I have to disagree a bit with a couple of things...

1. You saw yourself from the picture in the news thread how many were labeled 8Ghz and how many were close. At least a few. Chew has also told us his method of selecting the chips and it wasnt nearly as in depth/binned as you think it was (quote to follow)...

2. If people here are setting their expectations that high, they just are clueless about how it was achieved. 

2a. This press release wasnt really meant for average joe TPU so much as it was for others that have an idea about extreme overclocking and what that means. Generally, and there are many exceptions, the higher a CPU can clock like this, the higher it can go with normal cooling...and that it scales quite well under cold and voltage.


----------



## digibucc (Sep 19, 2011)

cadaveca said:


> but it will be quite disappointing for many if they set their expectations to high, so many are quick to quash any ideas that seem overly excited.
> 
> AMD can only blame itself for customer reactions, after all.



i don't mean to be rude, but obviously.  anyone who gets their hopes up because of this can blame themselves though.

my point is simply take it by itself.  a silicon chip can now do instructions at 8.4ghz. that is technologically awesome and i don't think anyone saying so is expecting their retail chip to do anything close.


----------



## cadaveca (Sep 19, 2011)

Oh, I agree, 100%(both with you, EarthDog, and you, Digibucc). This means much different things to the extreme user. My problem is that the extreme user, those that go to LN2 and better, are a dying breed, even in enthusiast circles.
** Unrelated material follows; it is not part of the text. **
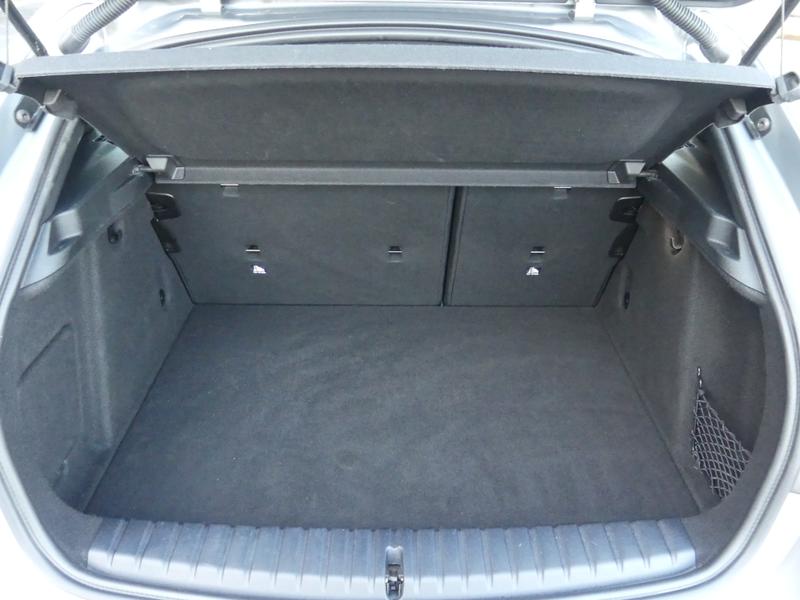 Used BMW 1 Series 2023 for sale - 76641155: Photo 22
Which is why I question how this event was marketed in the first place.


You get what I mean? I'm not trying to downplay how cool this is...but the fact remains it's only really cool to a few people, globally. like less than 0.000001% of the world's population cares that this CPU design can set a world record, and even less care that they can do it ONLY near absolute zero.

I mean, hasn't Intel shown 100GHz tansistors, or some such nonsense? How about a 100-core CPU? This is just as unimportant to daily life, and should not, really, be hyped as any real technological feat.

At least, not so early before CPUs are in retail. If this was done on launch day, I wouldn't have taken this side of the argument. I'd be busy trying to get chips to get these clocks myself.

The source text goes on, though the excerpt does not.